However, the video is still available on YouTube.
Feel free to watch the video here.


----------



## IWANNAGOFAST (Jan 14, 2008)

upload the pics to imageshack.us, no bandwidth limit


----------



## Doco (Dec 11, 2010)

Man, I forgot where I saw this and took me forever to find this thread again. I was relying on the pictures and photo bucket was not working. lol


----------



## SkyGrl (Jan 7, 2010)

eeeee i saw THEM!!!! frickin cool... impressed the sis

Amy


----------



## FlSHRFun (Jun 26, 2010)

Doco said:


> Man, I forgot where I saw this and took me forever to find this thread again. I was relying on the pictures and photo bucket was not working. lol


I'm so sorry! I've straightened things out. The photos are back up!

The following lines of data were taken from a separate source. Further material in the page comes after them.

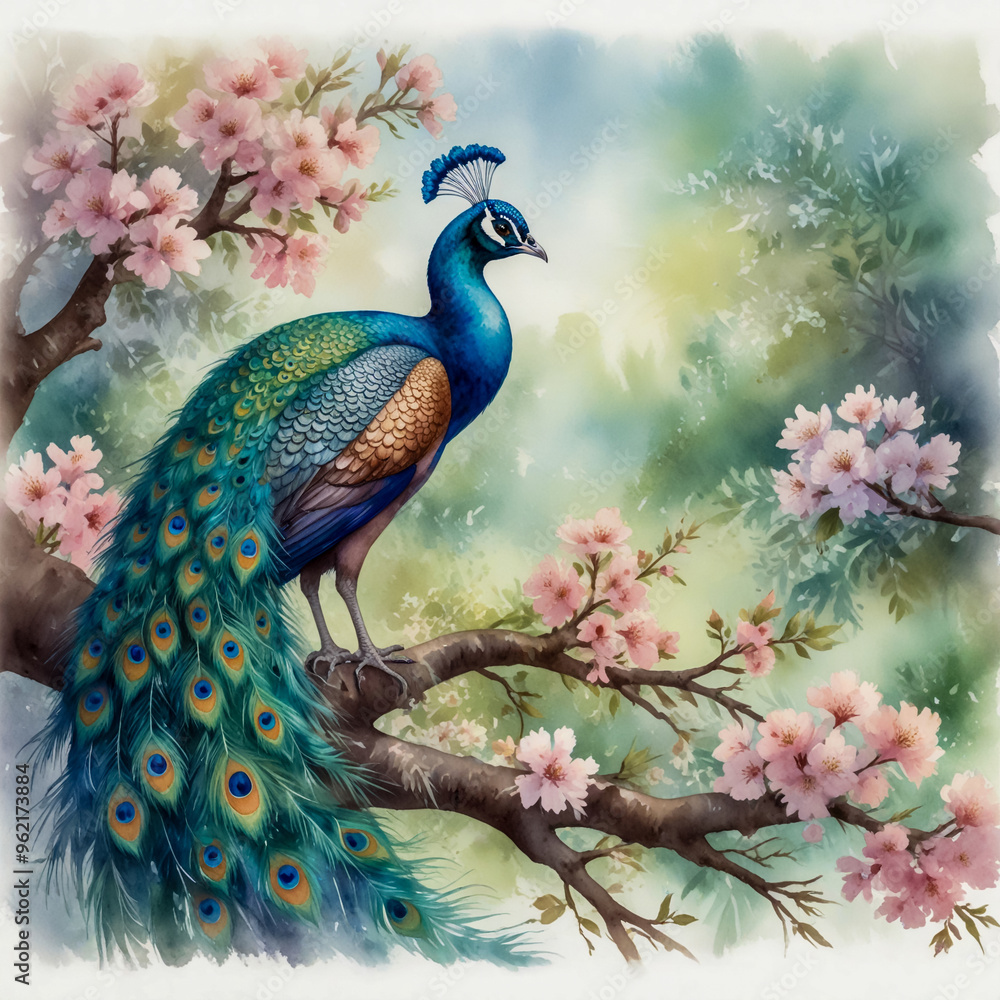 Fototapeta premium A whimsical watercolor illustration of a majestic peacock perched on a blossoming cherry tree branch in a tranquil garden setting.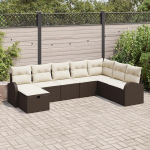 Rantry 8-teiliges Garten Sofa Set mit Kissen Braun Poly Rattan Gartenlounge Model3360459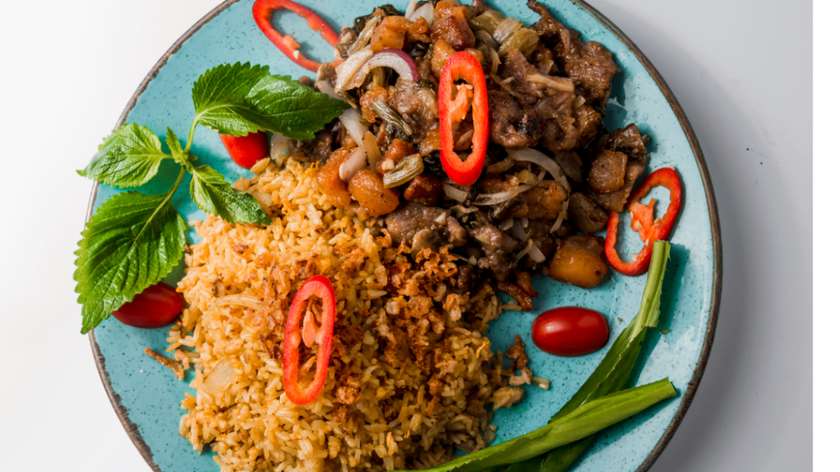 Fried Rice with Beef and Crispy Pork Belly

I don't have many new or updated photos at the moment. But, the 60-F is doing well.
Just trimmed the HC down a bit and added a few Crystal Red Shrimp.

I'll update after my finals are over.


----------



## NJAquaBarren (Sep 16, 2009)

Really nice tank, video and all.


----------



## FlSHRFun (Jun 26, 2010)

Thanks, AquaBarren! 

Well, finals are over and I finally have some free time!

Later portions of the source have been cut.